Имя родителей жены благодаря связям Парейров с Юмберами имело в этих краях большой вес. Могила сенатора Юмбе-ра (умершего в 1894 году) занимала на местном кладбище самое почетное место. Теперь же всю округу очаровала невестка покойного политика, молодая мадам Юмбер. Ее здесь помнили простой деревенской девушкой, каковой она и была до своего невероятного превращения в важную особу. «Великая Тереза», урожденная Тереза Дориньяк из соседнего Оссона, с детства поражала односельчан шальными выходками и странностями. Еще ребенком она с легкостью могла обвести вокруг пальца любого. Мать Амели поддалась ее чарам одной из первых: Катерина подружилась с Терезой еще задолго до того, как вышла замуж за школьного учителя из Бозеля и стала мадам Парейр. Когда Фредерик Юмбер (которого Арман Парейр когда-то натаскивал по латыни) сделал предложение ее лучшей подруге Терезе Дориньяк, Амели исполнилось шесть лет. Она довольно смутно помнила свадьбу, которая привела в неописуемый восторг окрестных жителей, стекавшихся в Бозель как на фантастический праздник. Ничего подобного здесь прежде никогда не видели: процессия фиакров, триумфальные арки, фейерверк…
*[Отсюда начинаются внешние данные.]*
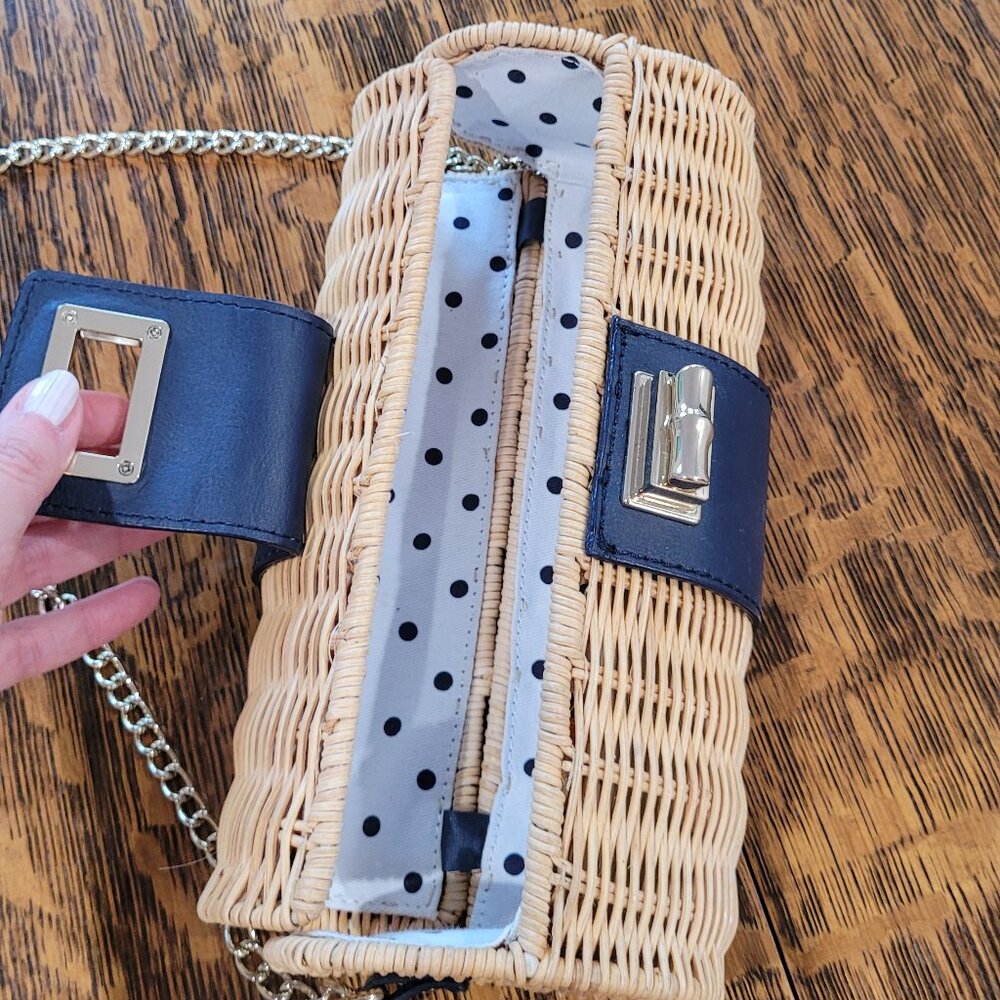 Like New Talbots Shoulder Bag. Leather Trim and Rattan. Gold-tone chain strap. - Picture 5 of 8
Вскоре молодые Юмберы перебрались в Париж, где Терезе предстояло стать главной фигуранткой одной из самых странных судебных тяжб XIX столетия. Из-за дележа грандиозного наследства, якобы оставленного молодой Терезе американским миллионером Робертом Генри Кроуфордом (в благодарность за некие оказанные ею милости), почти два десятилетия едва ли не в каждом суде Франции тянулись сложные юридические споры с бесконечными апелляциями и контрапелляциями (завещание оспаривали два племянника американца). На карту была поставлена колоссальная сумма в сто миллионов (!) франков в ценных бумагах на предъявителя. Пресса с неослабевающим вниманием следила за процессом: каждое новое судебное слушание превращалось в очередную серию общенациональной мыльной оперы. Сильнее всего распалял воображение обывателей сейф, в котором хранилось это сказочное богатство. Сейф же находился на третьем этаже дома на авеню Гранд Арме, 65, в надежно запертой комнате, доступ в которую ревностно охраняла мать Амели, превращавшаяся в сущую мегеру при одном только виде просителей и карьеристов, беспрерывно осаждавших дом Юмберов. Но в кругу своих близких Катерина Парейр была сердечна и презирала любые условности. Свои решения она, как и ее дочь, принимала, повинуясь исключительно чувствам. Мать Амели никогда не предавала друзей: в юности она поклялась в верности Терезе и осталась верна подруге до конца, несмотря ни на что.